"I hope Mondale doesn't have any dreams of being a show cat. Yeah, Mondale, you'd never win, because you are not pretty!"
"It's not a beauty contest, it's a scholarship pageant. Mondale, you'd still never win, because you are not bright. Isis, you could be a real contender if you'd slim down a little."
(That was the point at which Isis glared down at me from Mondale's food bowl. Mondale's food is six feet up in the tall cat tree to discourage Isis from eating it. Mondale was still just hanging out completely unaware that sometimes when people make those weird noises, they're trying to communicate with you.)
My boyfriend and I then spent some time helping Mondale remininsce about his former life living in a tiny apartment in the West Valley. (You know, did he miss the six yappy dogs he had to live with and was he ever involved in any gang activity...)
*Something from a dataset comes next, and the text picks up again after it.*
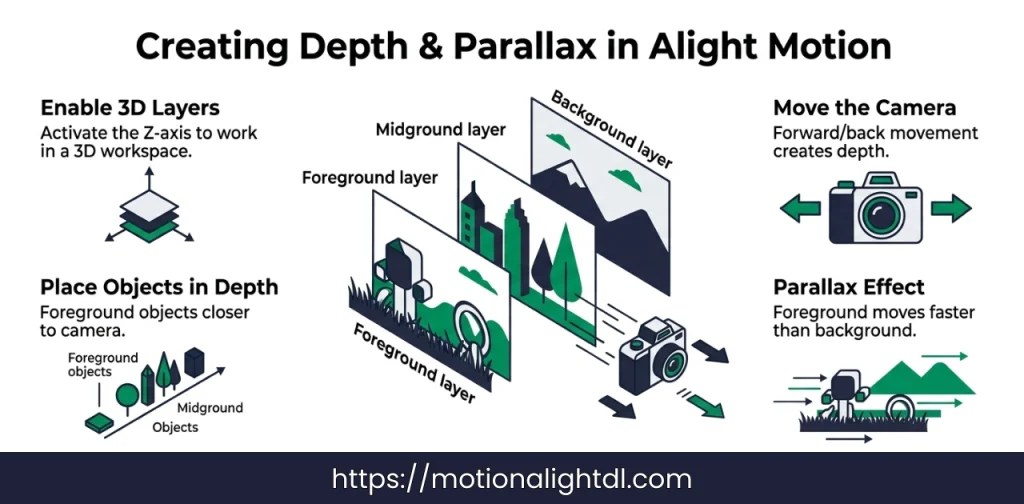 Depth and Parallax Effects in Alight Motion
"Maybe that's why he and Isis have to squabble so much. Because Isis was born in a barn and Mondale is a city cat."
"Isis is way smarter than Mondale."
"I didn't say Isis was as stupid as Mondale. I said he's not as urban."
"I was talking about street smarts."
"Okay, yeah, Isis does have all the street smarts."
"Look at him! He's being cute again!"
(looks at the small cat.)
"No, not that one. Isis. The cute one."
Poor little Mondale. He has to wear festive holiday toenails, and he's not the cutest or the smartest or the toughest... He is the smallest and the fastest and the biggest attention whore.
And after his rough start in that tiny studio apartment with all those dogs and rats and sugar gliders where he wasn't even allowed on the bed (and the bed was most of the apartment), he still thinks his life is great.